Chez Stanley Kubrick, rien n’est laissé au hasard, surtout pas la palette. Si The Shining (1980) nous hante autant, c’est parce qu’il utilise les couleurs comme des déclencheurs psychologiques, une symphonie visuelle où le rouge, l’or et le bleu racontent une tout autre histoire que celle du script.
Le Rouge : de la moquette au « Redrum »
Le rouge est l’obsession centrale du film. Ce n’est pas seulement la couleur du sang qui s’échappe des ascenseurs, c’est une présence étouffante qui sature l’écran. Elle symbolise la violence cyclique de l’hôtel. De la veste de Jack Torrance (Jack Nicholson) au mobilier des toilettes de l’Overlook, le rouge annonce le passage à l’acte. Stanley Kubrick l’utilise pour maintenir le spectateur dans un état d’alerte permanent, transformant chaque plan en une menace imminente.
L’Or et le Jaune : le luxe de la folie
À l’opposé du rouge viscéral, Stanley Kubrick utilise l’or et le jaune (la salle de bal, le bureau d’Ullman) pour représenter le passé glorieux mais dévoyé de l’hôtel. C’est la couleur de la tentation pour Jack, celle qui le lie à Lloyd (Joe Turkel) le barman et aux fantômes de la haute société des années 20. L’or ici n’est pas chaleureux ; il est froid, artificiel et souligne le décalage entre la réalité sordide de Jack et ses délires de grandeur.
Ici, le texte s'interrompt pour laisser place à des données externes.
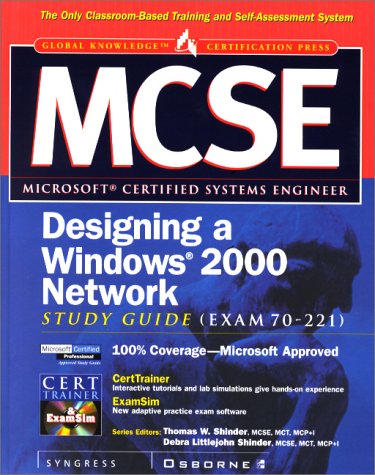 Stock image for MCSE Designing a Windows 2000 Network Study Guide (Exam 70-221) for sale by Decluttr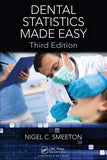 Dental Statistics Made Easy, Third Edition
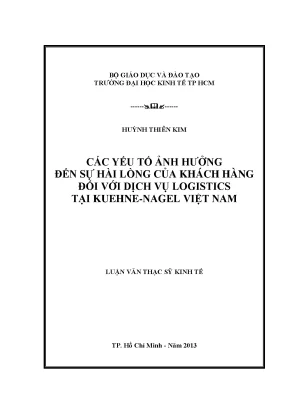 Luận văn các yếu tố ảnh hưởng đến sự hài lòng của khách hàng đối với dịch vụ logistics tại kuehne nagel việt nam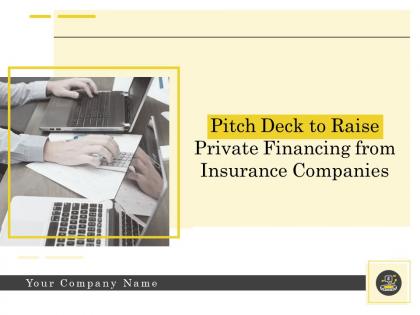 Pitch deck to raise private financing from insurance companies powerpoint presentation slides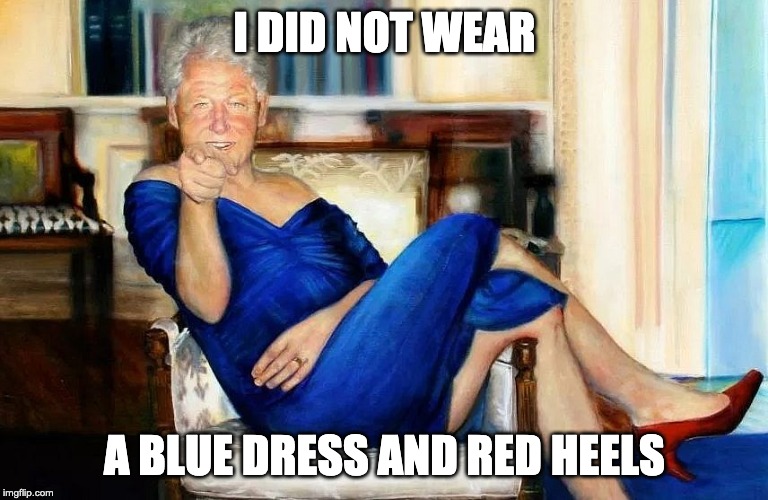 I DID NOT WEAR; A BLUE DRESS AND RED HEELS | image tagged in bill clinton,blue dress,red heels | made w/ Imgflip meme maker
Le Bleu : le froid de la mort
Le bleu intervient comme un contrepoint glacial. Il représente la réalité extérieure, le froid du Colorado et, par extension, l’issue fatale qui attend Jack dans le labyrinthe enneigé. Ce contraste entre les intérieurs chauds/oppressants et l’extérieur bleu/mortel crée un étau visuel dont aucun personnage ne peut s’échapper.